### [ASSIGNED TASK]
Set down exactly the lines below, starting at the one that contains "Search for alice" and ending at the one that contains "Vista 2 de Joinfree", with both of those lines included and nothing else.

### [INFORMATION SUPPLIED]
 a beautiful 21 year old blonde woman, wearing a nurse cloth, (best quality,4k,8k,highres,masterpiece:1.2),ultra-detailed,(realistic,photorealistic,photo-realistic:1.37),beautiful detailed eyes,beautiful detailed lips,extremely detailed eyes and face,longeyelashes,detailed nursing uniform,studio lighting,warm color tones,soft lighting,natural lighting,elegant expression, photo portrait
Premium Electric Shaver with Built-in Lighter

* * *

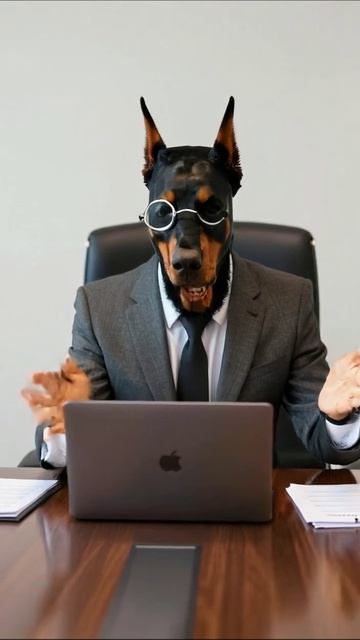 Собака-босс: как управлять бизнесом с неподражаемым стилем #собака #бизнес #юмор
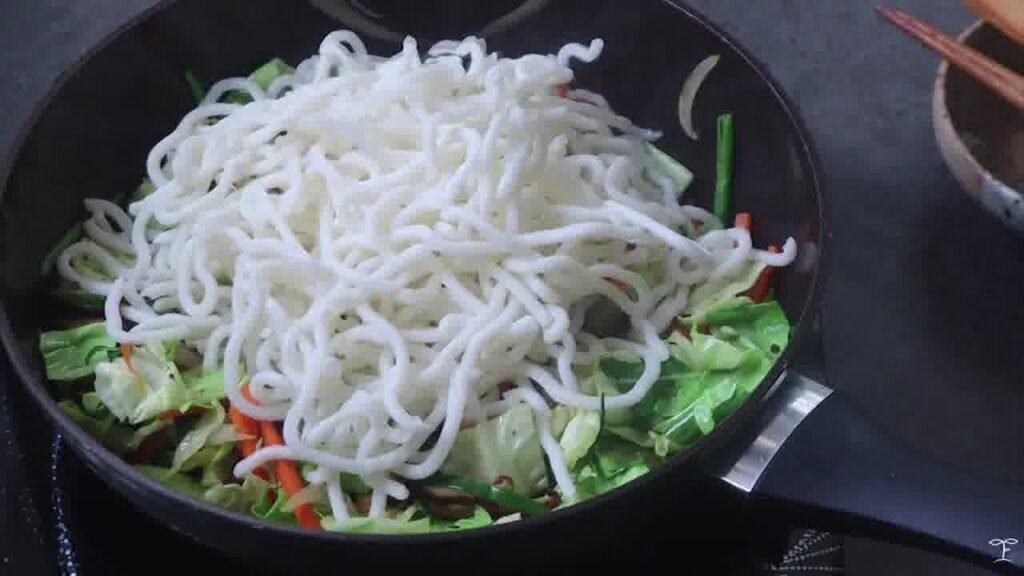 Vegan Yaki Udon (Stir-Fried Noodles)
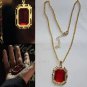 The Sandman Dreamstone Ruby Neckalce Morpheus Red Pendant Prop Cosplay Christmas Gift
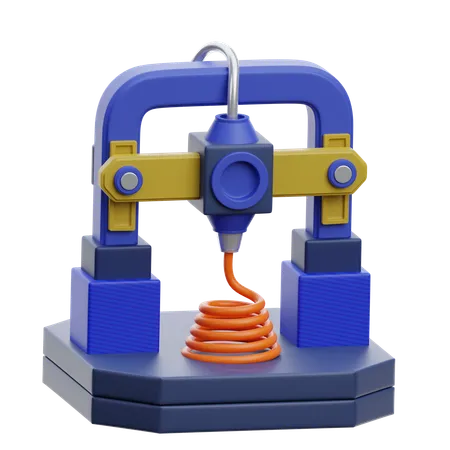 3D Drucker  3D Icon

* * *

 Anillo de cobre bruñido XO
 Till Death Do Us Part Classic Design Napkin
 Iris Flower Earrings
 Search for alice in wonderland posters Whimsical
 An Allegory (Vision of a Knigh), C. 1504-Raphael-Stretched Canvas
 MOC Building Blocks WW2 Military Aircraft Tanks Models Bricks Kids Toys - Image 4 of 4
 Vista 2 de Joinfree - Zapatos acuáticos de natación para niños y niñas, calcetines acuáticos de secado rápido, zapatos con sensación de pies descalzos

### [RESPONSE AREA]
 Search for alice in wonderland posters Whimsical
 An Allegory (Vision of a Knigh), C. 1504-Raphael-Stretched Canvas
 MOC Building Blocks WW2 Military Aircraft Tanks Models Bricks Kids Toys - Image 4 of 4
 Vista 2 de Joinfree - Zapatos acuáticos de natación para niños y niñas, calcetines acuáticos de secado rápido, zapatos con sensación de pies descalzos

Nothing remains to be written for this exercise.